1 (12 oz.) loaf whole wheat French bread, cut into cubes (preferably day-old)
3 slices turkey bacon, minced
1 Tbsp butter
1 large onion, minced
3 medium stalks celery, minced
2/3 cup chopped fresh parsley
2 Tbsp fresh sage, minced, (or 2 tsp dried)
1 Tbsp fresh thyme leaves, stems removed, minced, (or 1 tsp dried)
Salt and pepper
1 large egg, beaten
2 cups low-sodium turkey or chicken broth
1/2 cup water
If bread is fresh, preheat the oven to 250°F and spread the bread cubes over 2 baking sheets; Dry out in the oven for about 30 minutes, stirring half way through. Place bread in a large bowl and set aside.
Increase oven temperature to 350°F.
In a large sauté pan over medium heat, cook bacon for about 2 minutes. Add butter, reduce heat to medium low, and stir in the onions and celery. Sauté for about 5-10 minutes until softened. Remove from heat, stir in parsley, sage and thyme, and allow to cool for a few minutes.

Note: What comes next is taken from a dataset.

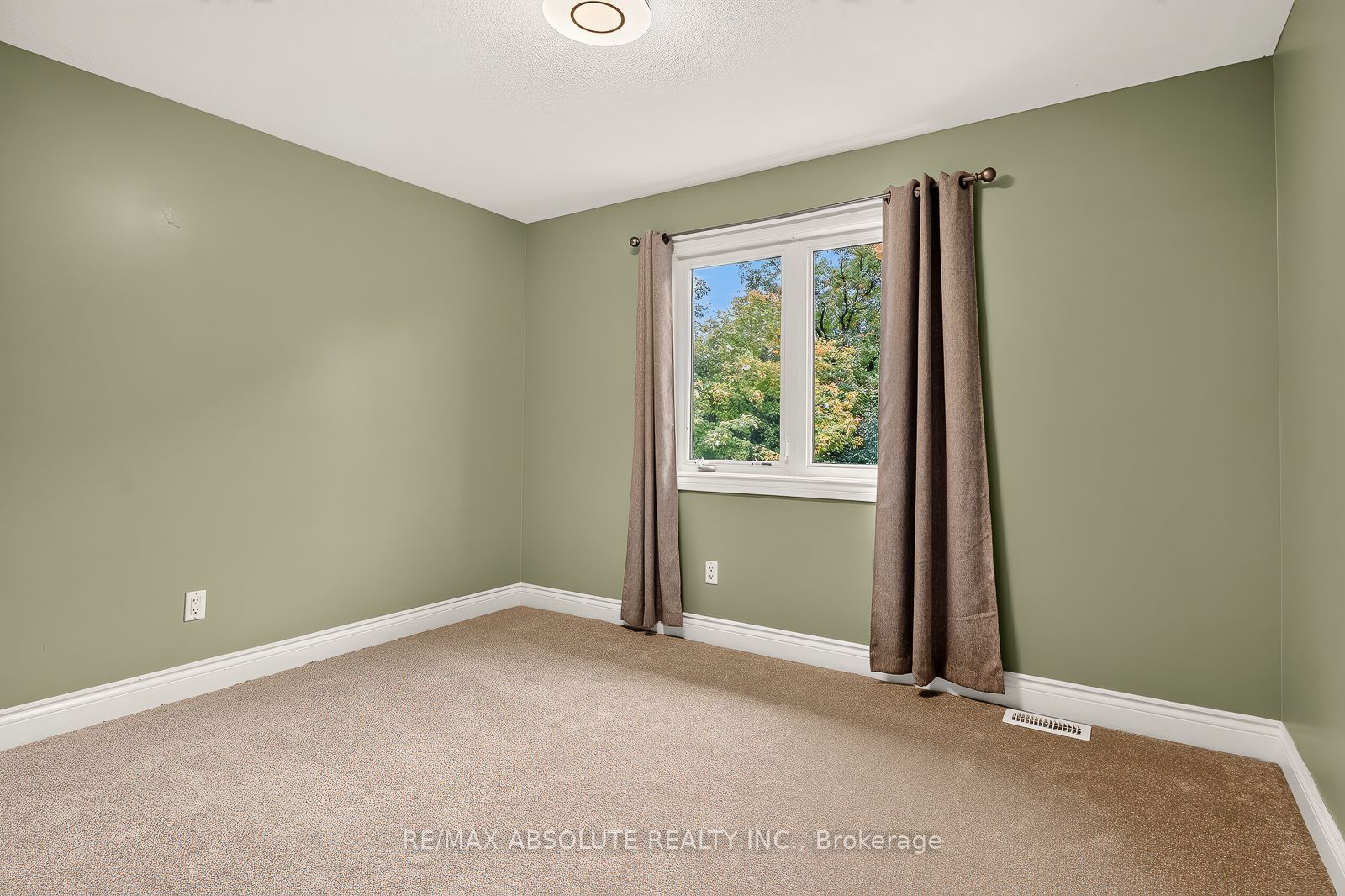 229 Marjan Crescent Property Photo 33
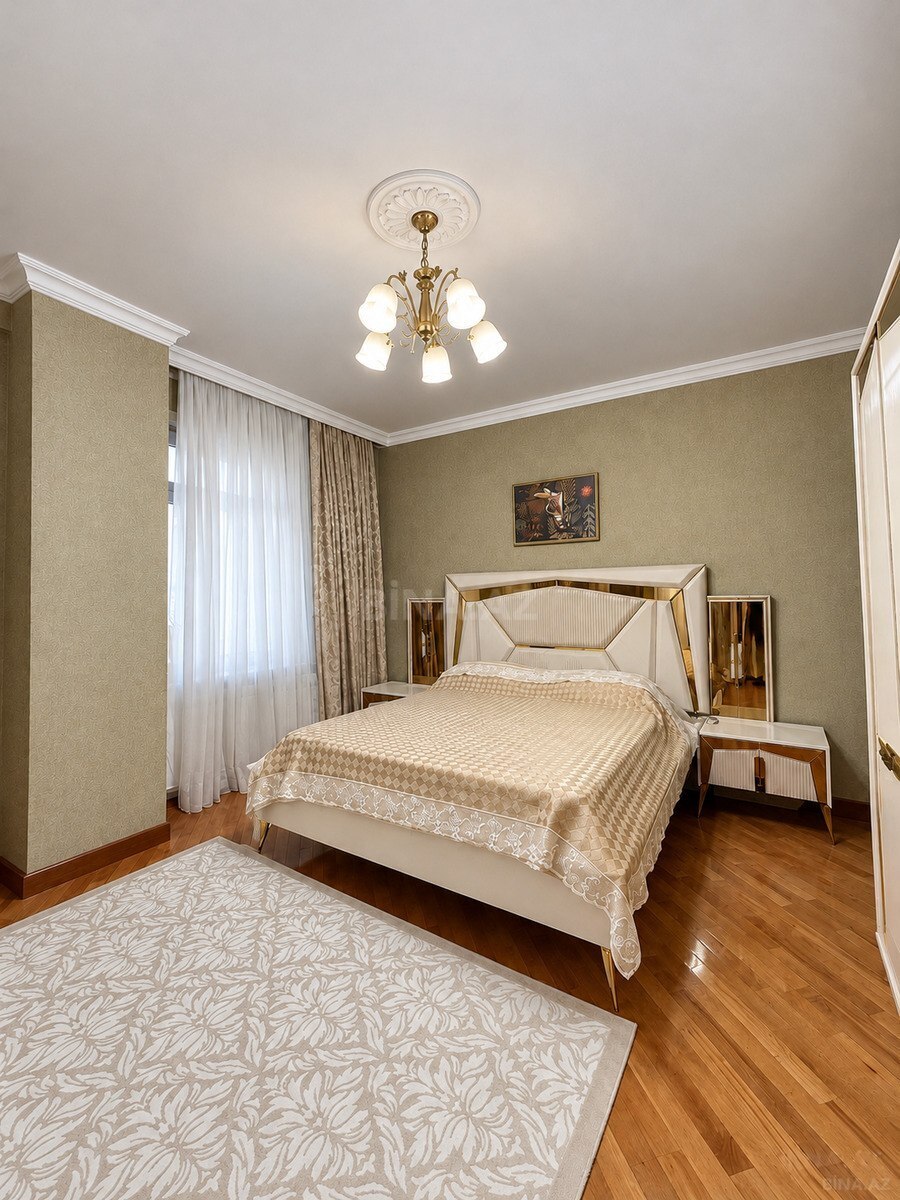 3 otaqlı Yeni tikili, Elmlər Akademiyası m., Bakı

In a medium bowl, combine the broth and beaten egg.
Transfer sautéed vegetables to the bowl with the bread cubes. Add the egg and broth mixture, and salt and pepper to taste, combining well. Add additional water if stuffing is too dry.
Spray a casserole dish with baking spray, add stuffing and bake uncovered for 40-45 minutes, or until golden.